Data excerpt
-- -- --

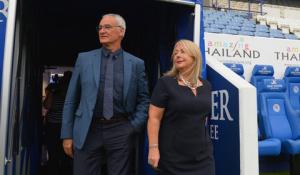 Người phụ nữ đứng sau chiến tích lịch sử của Leicester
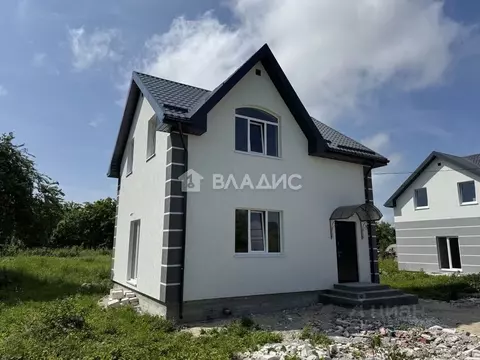 Дом в Калининградская область, Гурьевский муниципальный округ, пос. ...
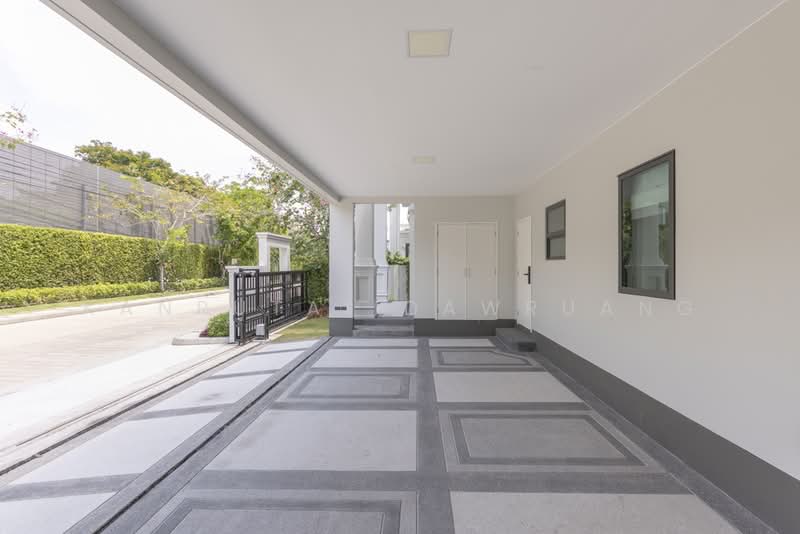 Setthasiri Bangna Km.10, Samut Prakan, Bangphli Yai, Bang Plee, Samut Prakan, 4 Bedrooms, 247 sqm, Single Detached House For Rent, by Kanrutai Dawruang, 60124915 - DDproperty.com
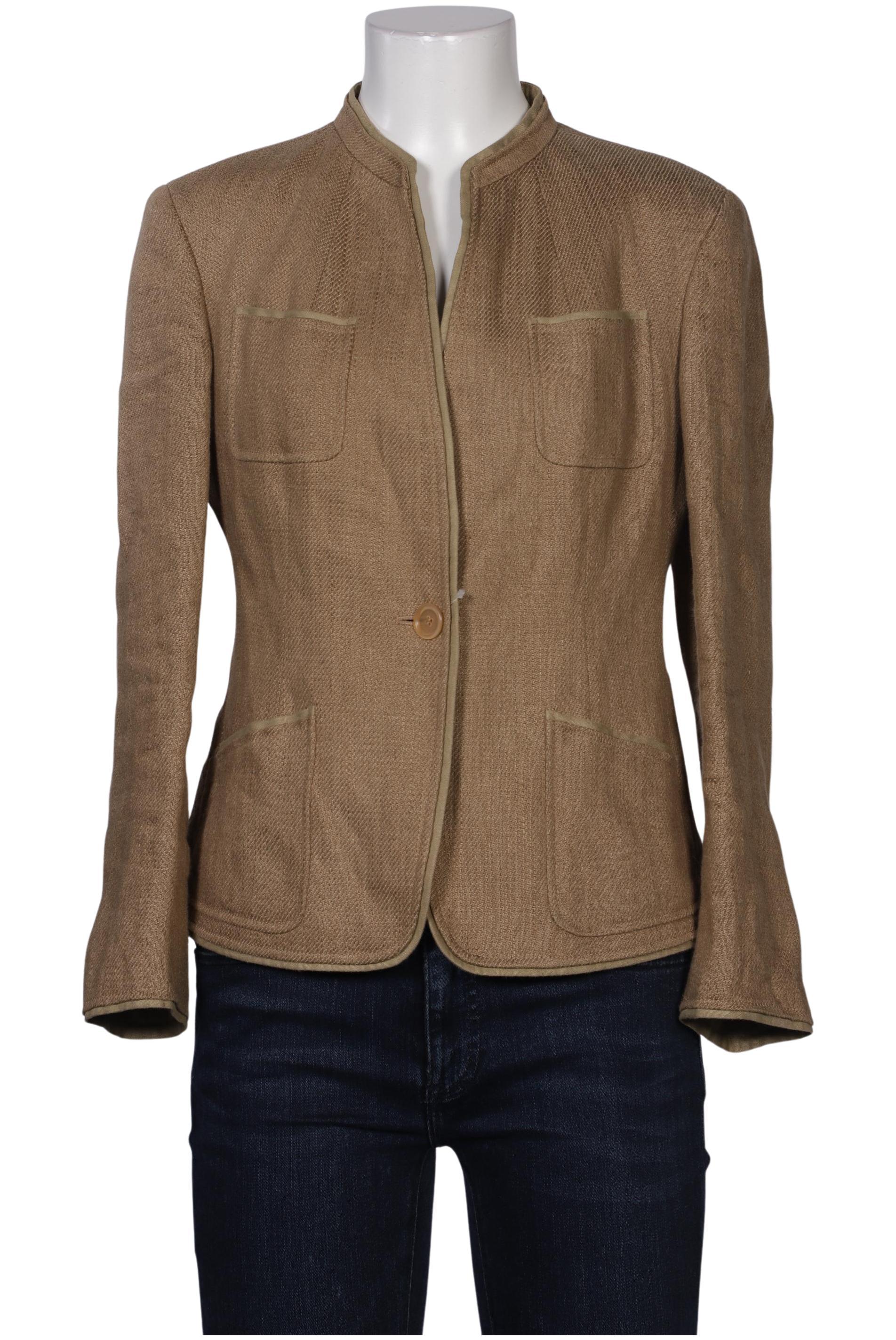 

Dkny by Donna Karan New York Damen Blazer, beige, Gr. 6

-- -- --

Work instructions
After locating the line with "Дом в Калининградская" in the listing above, transcribe it and every line after it to the last, exactly, with no pictures.

Solution to this task
 Дом в Калининградская область, Гурьевский муниципальный округ, пос. ...
 Setthasiri Bangna Km.10, Samut Prakan, Bangphli Yai, Bang Plee, Samut Prakan, 4 Bedrooms, 247 sqm, Single Detached House For Rent, by Kanrutai Dawruang, 60124915 - DDproperty.com

Dkny by Donna Karan New York Damen Blazer, beige, Gr. 6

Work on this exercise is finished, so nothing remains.